I found Finding Neverland to be a very moving film -- brilliantly done.
I don't think it bothered me at all even though I knew it wasn't historically
accurate (the reviewers said as much when it first came out), but then
so many films about famous persons aren't that you kind of expect that
when you go.
Johny Depp's performance was superb, but it was Freddie Highmore
who really stole the show. Depp was so impressed by his performance
that he persuaded Tim Burton to cast Highmore as Charlie in
Charlie and the Chocolate factory.
I watched the 5 Children and It (2004) again (with Freddie Highmore
and Kenneth Brannagh) the other night after I made my earlier post.
(The Psammead, a Jim Hensen puppet, was better and
Brannagh worse than I remembered.) I admit it's not a great
movie but I enjoyed watching it a second time. Certainly, it's not
as good as the recent PBS Railway Children (circa 2000).
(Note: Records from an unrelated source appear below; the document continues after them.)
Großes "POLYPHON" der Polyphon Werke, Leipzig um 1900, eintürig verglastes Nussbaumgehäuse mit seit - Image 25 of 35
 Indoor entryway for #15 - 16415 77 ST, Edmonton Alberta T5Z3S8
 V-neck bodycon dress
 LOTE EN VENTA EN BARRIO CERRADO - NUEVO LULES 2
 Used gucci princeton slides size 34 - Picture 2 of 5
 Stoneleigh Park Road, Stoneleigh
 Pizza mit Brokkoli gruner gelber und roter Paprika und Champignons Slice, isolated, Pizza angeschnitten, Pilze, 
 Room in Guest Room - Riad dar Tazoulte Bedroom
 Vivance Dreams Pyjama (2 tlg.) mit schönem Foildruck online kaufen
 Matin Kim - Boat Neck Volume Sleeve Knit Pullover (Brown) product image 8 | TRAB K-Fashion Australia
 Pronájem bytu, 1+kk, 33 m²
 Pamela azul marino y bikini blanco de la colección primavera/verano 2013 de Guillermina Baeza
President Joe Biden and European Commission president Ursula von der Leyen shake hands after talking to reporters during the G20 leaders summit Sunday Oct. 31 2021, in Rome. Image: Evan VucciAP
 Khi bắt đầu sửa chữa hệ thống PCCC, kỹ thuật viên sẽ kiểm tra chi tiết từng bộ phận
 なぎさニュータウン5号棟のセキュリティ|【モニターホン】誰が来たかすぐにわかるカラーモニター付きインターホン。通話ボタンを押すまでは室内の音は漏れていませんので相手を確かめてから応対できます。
I sometimes check the IMDB ratings for fun though I don't necessarily
agree with them: Finding Neverland was rated 8.1/10 (with 40,000
votes). "5 children and it" was 5.6/10 and rather absurdly the
BBC miniseries was only rated 3.5. It's definitely a better adaptation
than the 2004 film, but then many North American viewers seem
to have no patience to match slow paced British (especially BBC) mini-series.
As for Zipes, I agree with him about Disney, but he's
being too much of a purist here. I don't think if you made an
historically accurate film about J.M. Barrie or Hans Christian
Andersen or the Grimm brothers it would be a box office success
-- or for that matter Tolkien or Lewis. (I think everyone
knows Shadowlands is partly fictional.) Most writers lead
"boring lives". It's what happens "on the inside" that counts.